## [What to produce]
In the listing that follows, find the line with "Hello, welcome to", then copy exactly from it through the line with "Guys, comment down", leaving out every picture.

*** Input material Section Begins ***

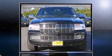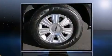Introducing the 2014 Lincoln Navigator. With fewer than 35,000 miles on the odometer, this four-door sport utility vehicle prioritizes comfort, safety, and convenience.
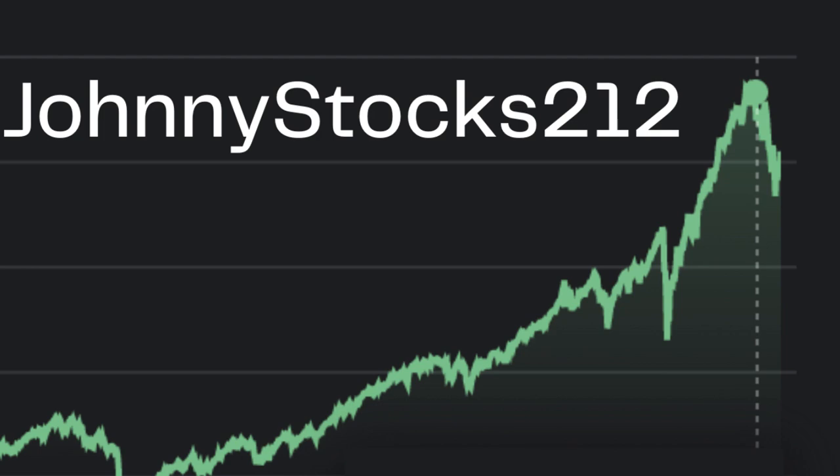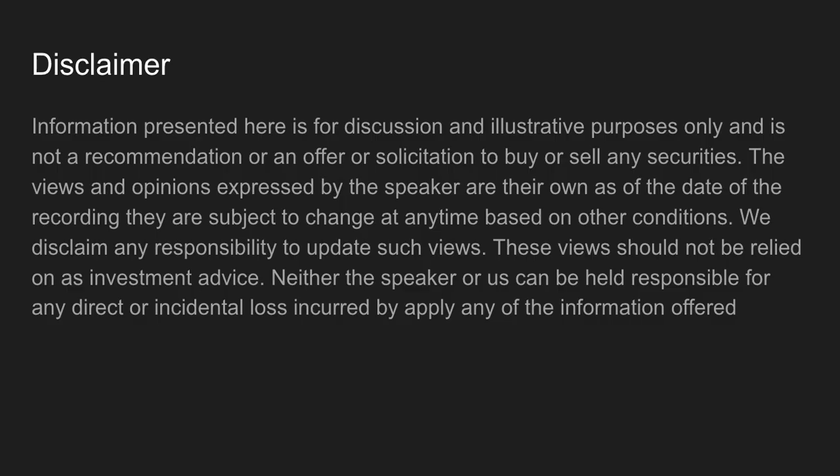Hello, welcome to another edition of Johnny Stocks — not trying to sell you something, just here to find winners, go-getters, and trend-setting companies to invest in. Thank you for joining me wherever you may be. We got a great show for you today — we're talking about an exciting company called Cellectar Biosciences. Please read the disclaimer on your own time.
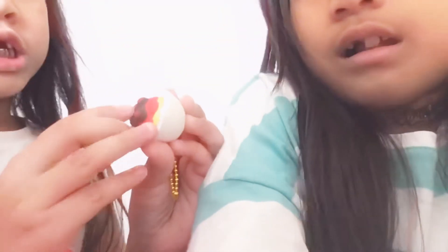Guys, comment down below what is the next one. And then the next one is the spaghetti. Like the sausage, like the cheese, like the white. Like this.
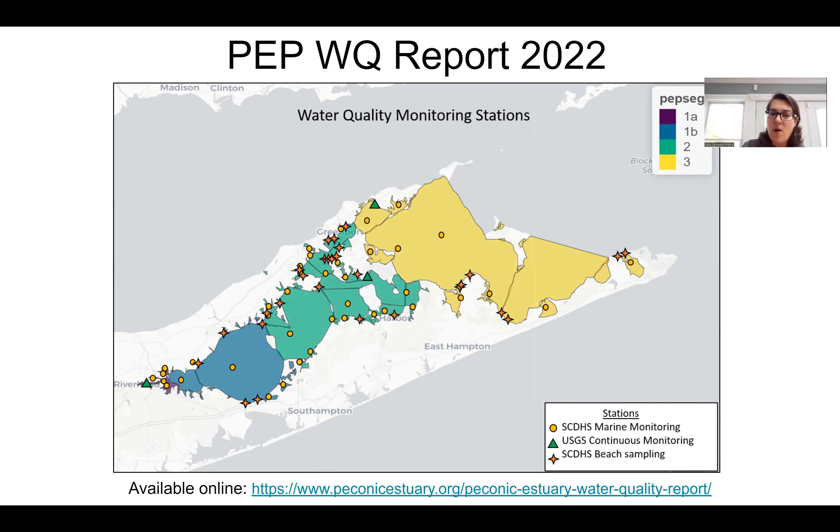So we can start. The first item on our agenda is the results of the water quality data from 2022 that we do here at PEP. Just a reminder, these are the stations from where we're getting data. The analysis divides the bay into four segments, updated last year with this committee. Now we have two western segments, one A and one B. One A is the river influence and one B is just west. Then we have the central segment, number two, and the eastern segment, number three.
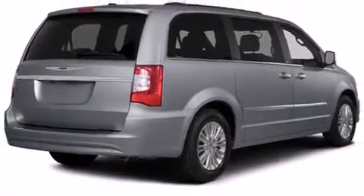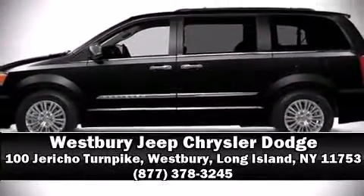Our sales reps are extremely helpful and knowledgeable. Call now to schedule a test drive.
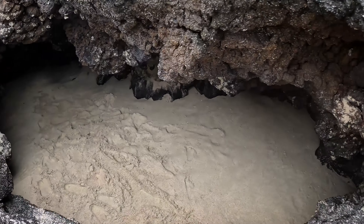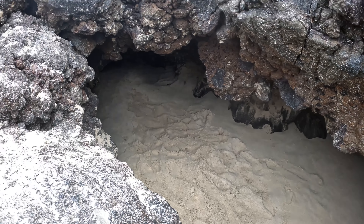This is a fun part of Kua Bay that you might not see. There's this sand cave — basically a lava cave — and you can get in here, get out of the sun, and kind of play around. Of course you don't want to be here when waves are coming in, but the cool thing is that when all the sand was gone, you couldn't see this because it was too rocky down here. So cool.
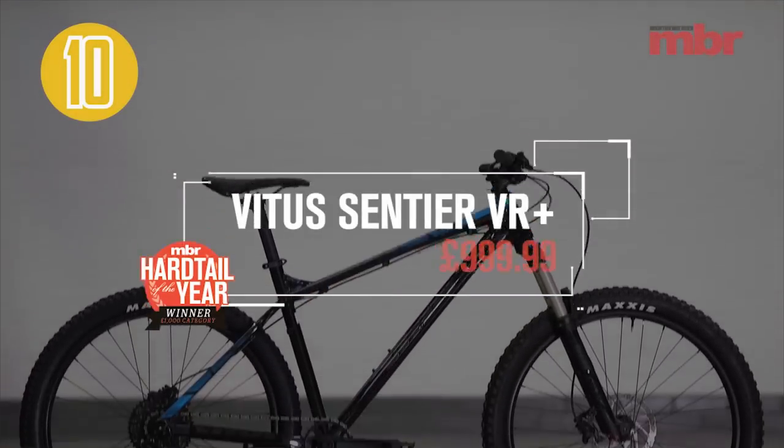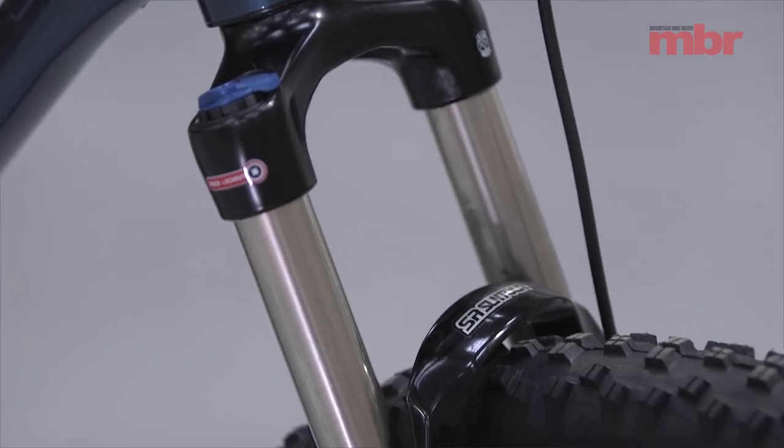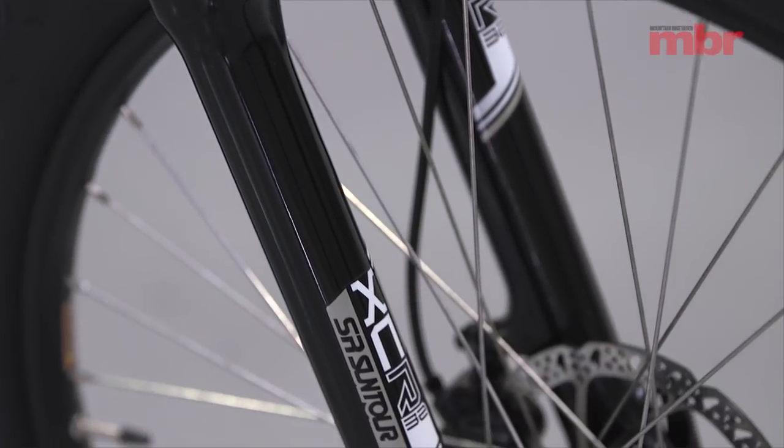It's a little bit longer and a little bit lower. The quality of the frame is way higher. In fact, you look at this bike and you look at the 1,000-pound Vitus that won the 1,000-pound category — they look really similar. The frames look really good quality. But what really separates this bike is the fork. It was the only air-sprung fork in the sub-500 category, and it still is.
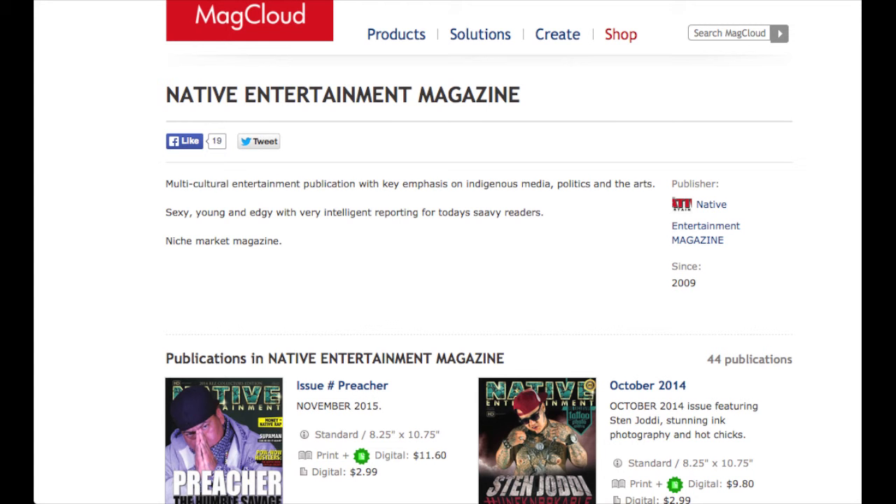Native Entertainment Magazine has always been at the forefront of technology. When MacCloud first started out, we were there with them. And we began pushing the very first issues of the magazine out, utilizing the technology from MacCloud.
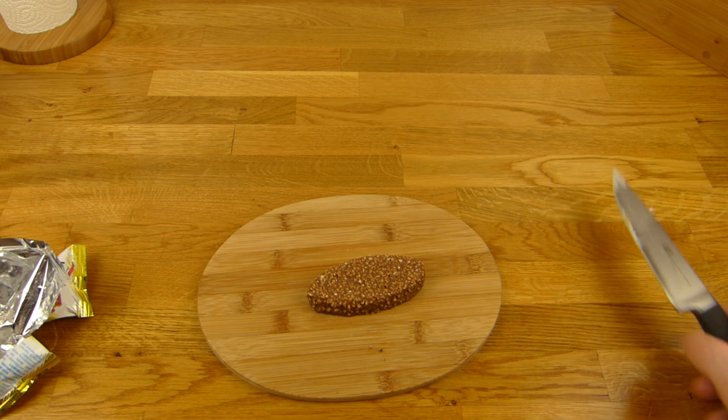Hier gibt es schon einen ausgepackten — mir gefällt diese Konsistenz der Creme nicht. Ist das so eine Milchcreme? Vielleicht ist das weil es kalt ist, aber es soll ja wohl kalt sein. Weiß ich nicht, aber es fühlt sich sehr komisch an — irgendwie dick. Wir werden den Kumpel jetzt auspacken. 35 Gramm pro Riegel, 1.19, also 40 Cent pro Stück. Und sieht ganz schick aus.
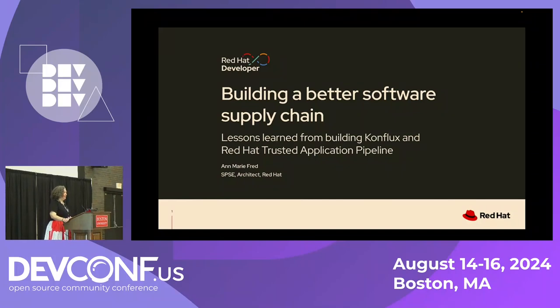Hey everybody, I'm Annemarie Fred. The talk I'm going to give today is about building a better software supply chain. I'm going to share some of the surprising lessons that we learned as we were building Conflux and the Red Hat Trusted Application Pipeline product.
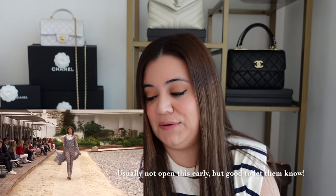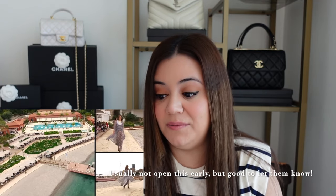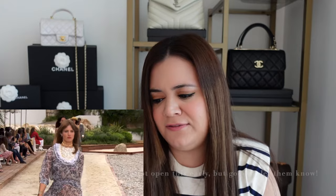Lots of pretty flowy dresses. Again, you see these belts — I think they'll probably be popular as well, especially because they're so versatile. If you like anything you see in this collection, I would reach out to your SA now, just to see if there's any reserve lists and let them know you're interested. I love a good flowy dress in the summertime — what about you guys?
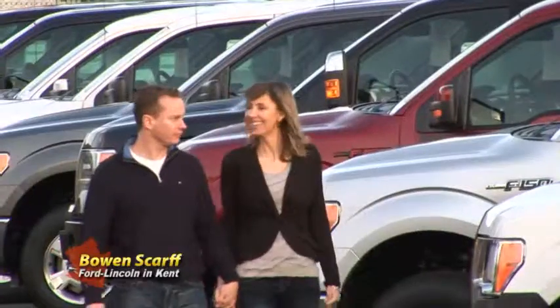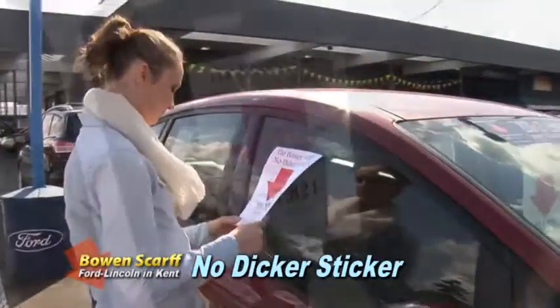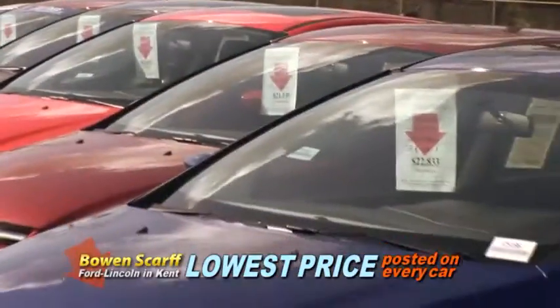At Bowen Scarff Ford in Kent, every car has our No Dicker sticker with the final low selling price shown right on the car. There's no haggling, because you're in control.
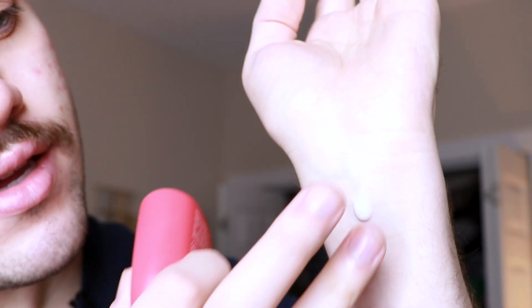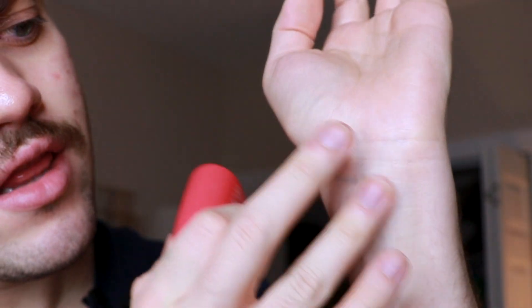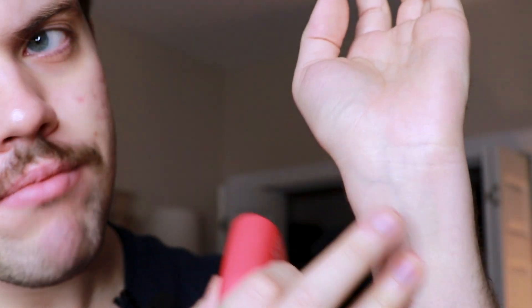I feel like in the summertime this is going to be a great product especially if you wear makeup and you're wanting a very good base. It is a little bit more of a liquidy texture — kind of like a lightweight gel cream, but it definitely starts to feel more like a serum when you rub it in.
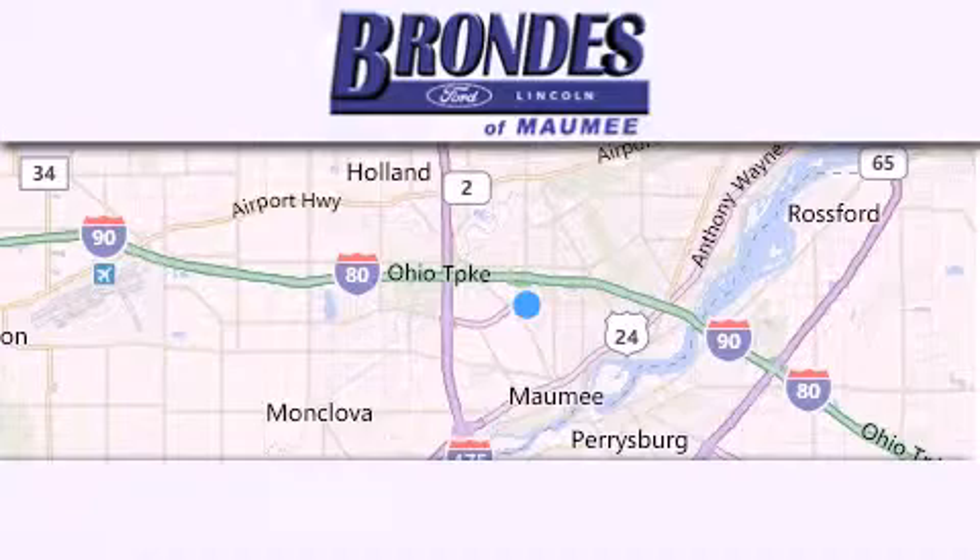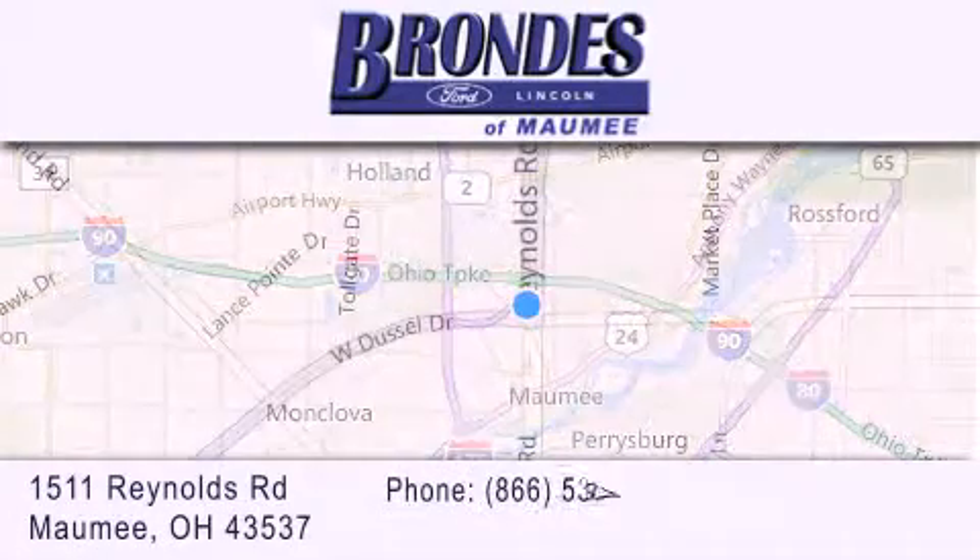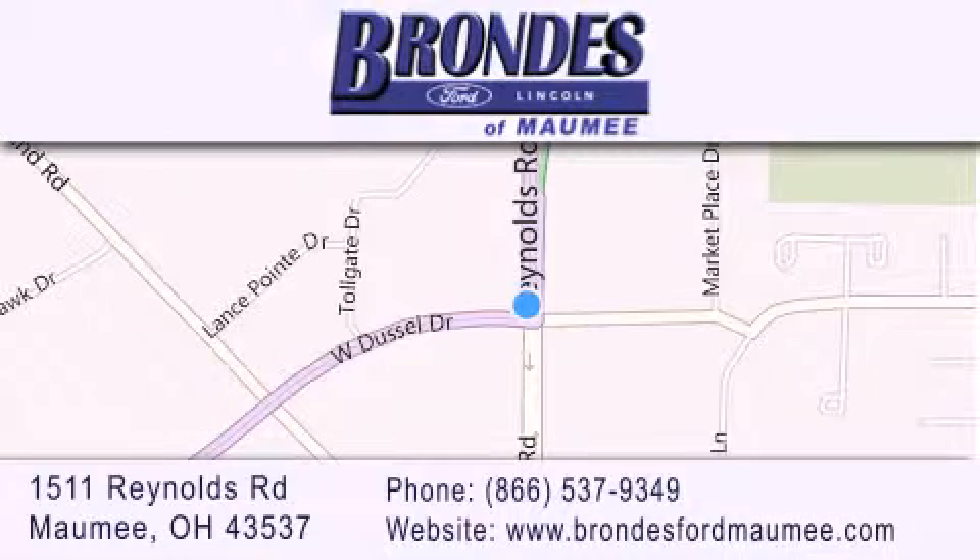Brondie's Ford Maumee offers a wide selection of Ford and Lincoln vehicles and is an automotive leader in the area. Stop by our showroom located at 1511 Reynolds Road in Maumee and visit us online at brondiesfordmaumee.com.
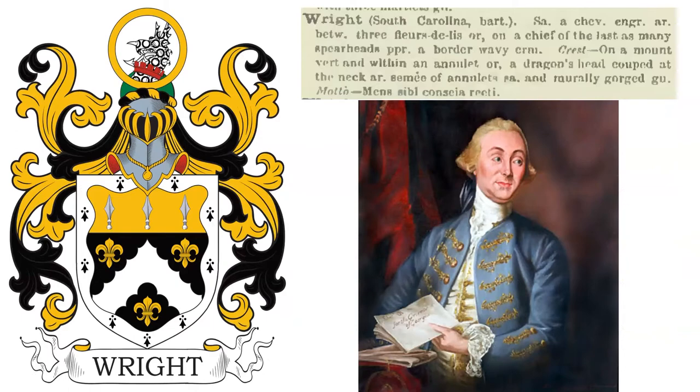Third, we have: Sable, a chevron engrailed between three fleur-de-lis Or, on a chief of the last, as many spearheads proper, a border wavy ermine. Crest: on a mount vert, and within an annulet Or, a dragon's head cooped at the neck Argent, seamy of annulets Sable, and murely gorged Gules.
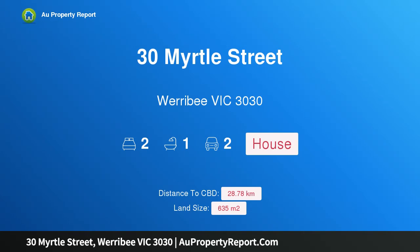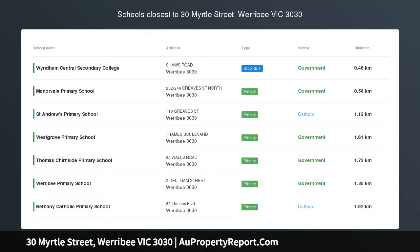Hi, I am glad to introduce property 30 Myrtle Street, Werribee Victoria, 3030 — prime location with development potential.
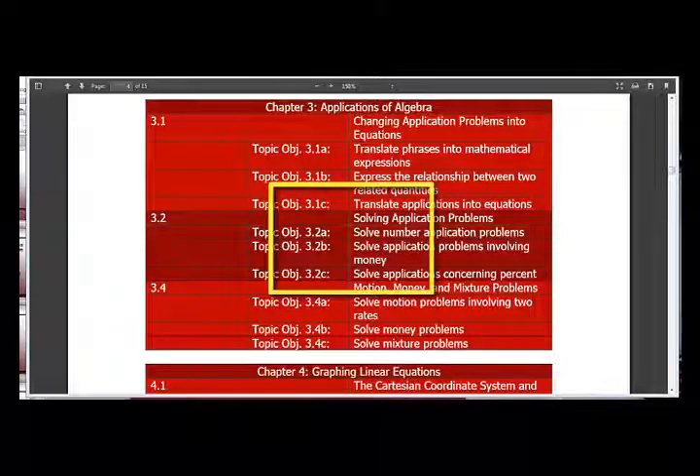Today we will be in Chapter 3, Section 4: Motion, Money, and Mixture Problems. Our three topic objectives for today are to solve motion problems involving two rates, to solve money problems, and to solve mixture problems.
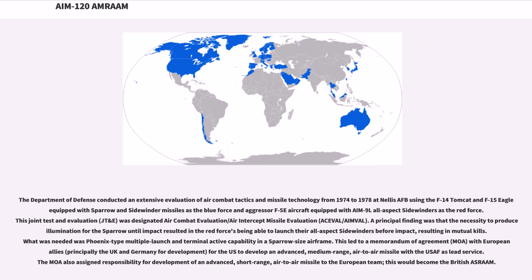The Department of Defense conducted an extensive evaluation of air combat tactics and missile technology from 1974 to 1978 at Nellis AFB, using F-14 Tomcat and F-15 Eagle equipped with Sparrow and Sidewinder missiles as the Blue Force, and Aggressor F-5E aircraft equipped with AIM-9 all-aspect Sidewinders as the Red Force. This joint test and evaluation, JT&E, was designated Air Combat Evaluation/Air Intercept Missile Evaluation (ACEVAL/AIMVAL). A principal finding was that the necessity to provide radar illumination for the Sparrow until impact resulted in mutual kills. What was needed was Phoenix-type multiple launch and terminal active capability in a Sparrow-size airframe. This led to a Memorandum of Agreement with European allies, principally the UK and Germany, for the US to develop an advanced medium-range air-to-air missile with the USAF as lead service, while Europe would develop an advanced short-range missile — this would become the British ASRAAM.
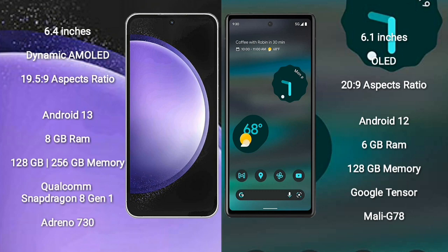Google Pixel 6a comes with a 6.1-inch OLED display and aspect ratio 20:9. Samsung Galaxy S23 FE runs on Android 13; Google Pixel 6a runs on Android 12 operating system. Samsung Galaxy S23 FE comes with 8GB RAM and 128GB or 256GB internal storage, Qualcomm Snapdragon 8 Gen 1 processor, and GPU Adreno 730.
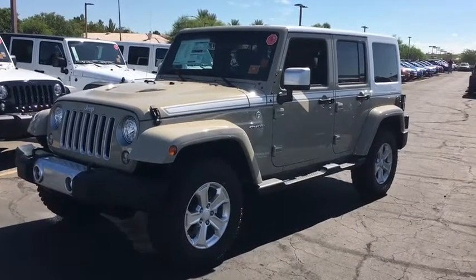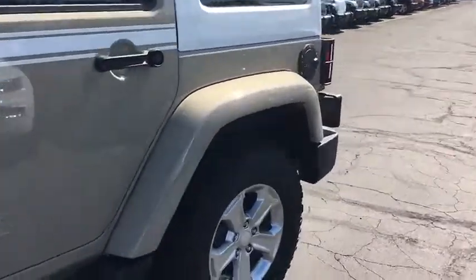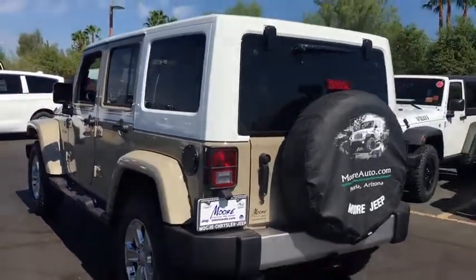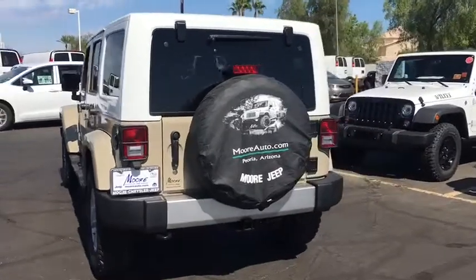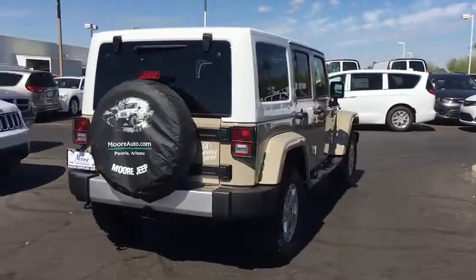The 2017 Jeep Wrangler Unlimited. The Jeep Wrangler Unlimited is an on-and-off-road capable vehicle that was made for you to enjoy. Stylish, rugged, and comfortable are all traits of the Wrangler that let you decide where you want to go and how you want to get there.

*** Input material Section Ends ***

## [Worked solution]
Hello, welcome to another edition of Johnny Stocks — not trying to sell you something, just here to find winners, go-getters, and trend-setting companies to invest in. Thank you for joining me wherever you may be. We got a great show for you today — we're talking about an exciting company called Cellectar Biosciences. Please read the disclaimer on your own time.
Guys, comment down below what is the next one. And then the next one is the spaghetti. Like the sausage, like the cheese, like the white. Like this.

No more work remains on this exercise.